**WHAT TO PRODUCE**
What are the lines from the top of the entries below through the line containing "モロッコ代表はなぜ強いのかを"? Return them exactly, both ends included, without the pictures.

[MATERIAL PROVIDED Boundary: Start]

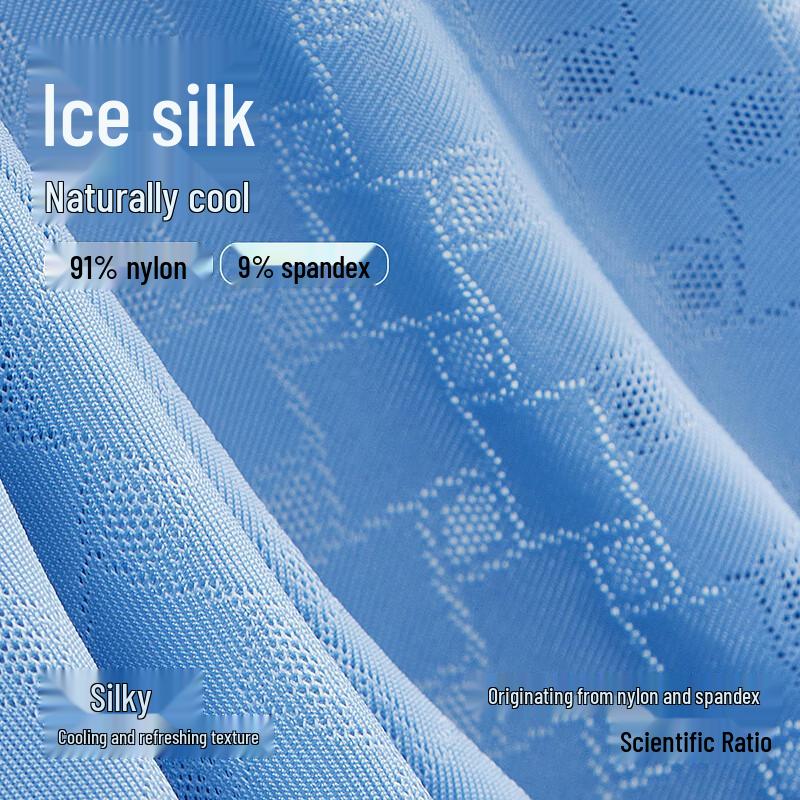 Fenteng Men's Ice Silk Boxer Briefs 3-Pack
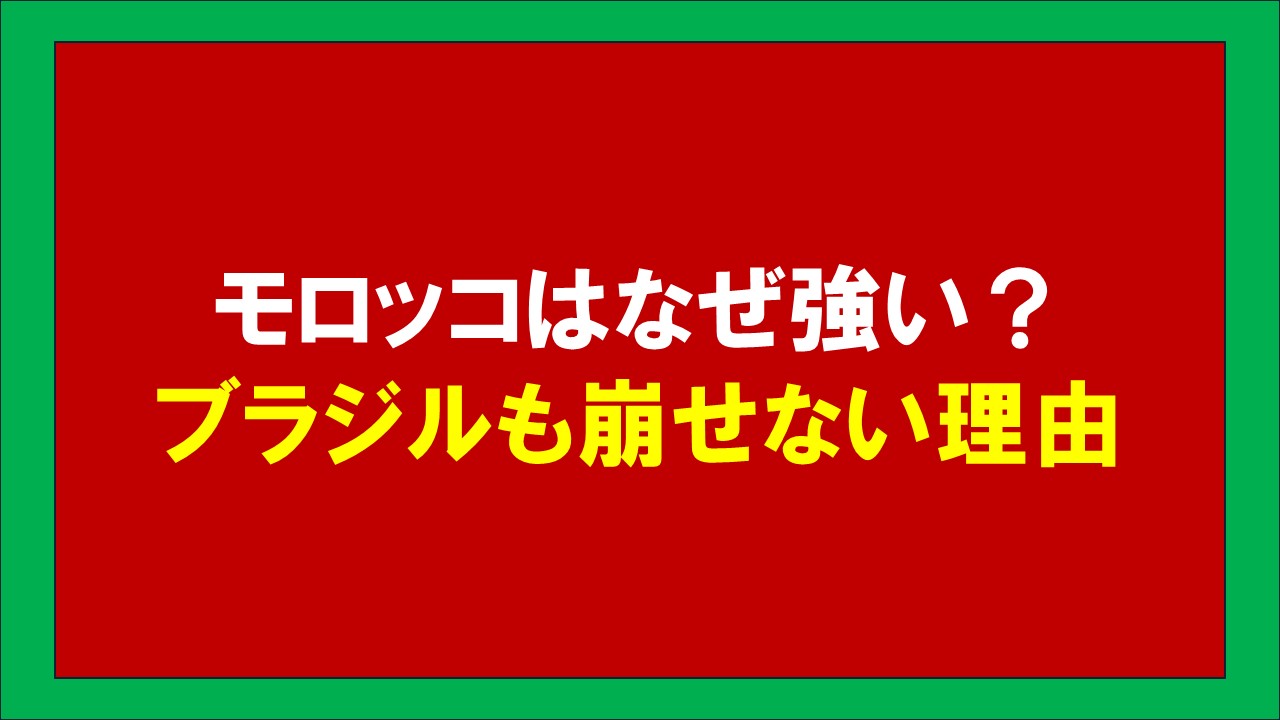 モロッコ代表はなぜ強いのかを解説したアイキャッチ画像（ブラジル戦・スコットランド戦分析）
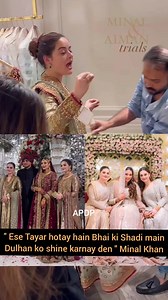 575K views · 2.6K reactions | — 'Ese Tayar Hotay hain Bhai ki shadi main apnay shadi kay laal joray nahi pehentay, Dulhan ko shine hone den.' Minal Khan and Aiman Khan set the perfect example by choosing not to wear their own bridal outfits at their brother’s wedding, so the bride could truly shine and feel special and preserving her individuality on her big day. | All Pakistan Drama Page | Facebook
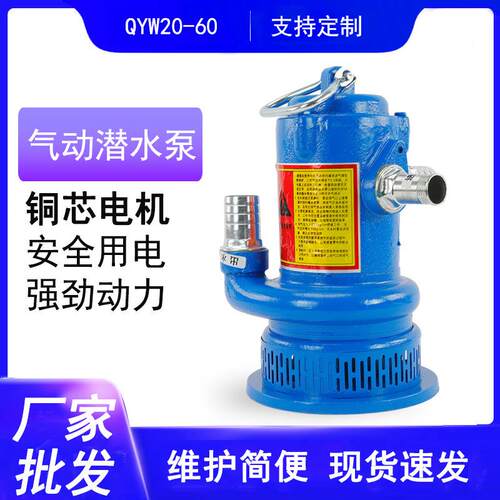 船用风动排水泵QYW矿用高扬程防爆潜水泵FQW25-70气动污水泵30-80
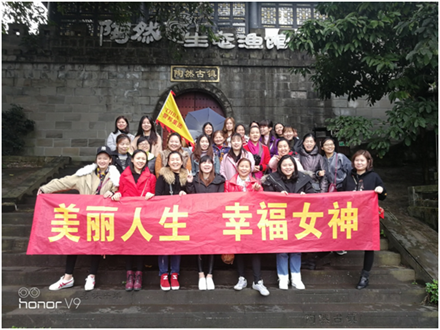 美麗人生，幸福女神 --智邦集團(tuán)2018年三八節(jié)特別報道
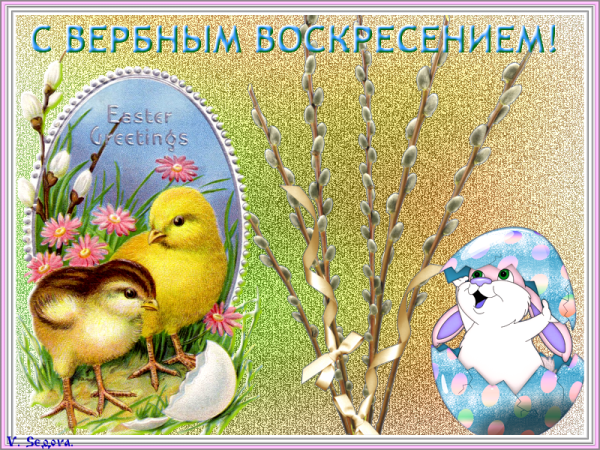 Вербное воскресенье поздравления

[MATERIAL PROVIDED Boundary: End]

**RESULT OF THIS TASK**
 Fenteng Men's Ice Silk Boxer Briefs 3-Pack
 モロッコ代表はなぜ強いのかを解説したアイキャッチ画像（ブラジル戦・スコットランド戦分析）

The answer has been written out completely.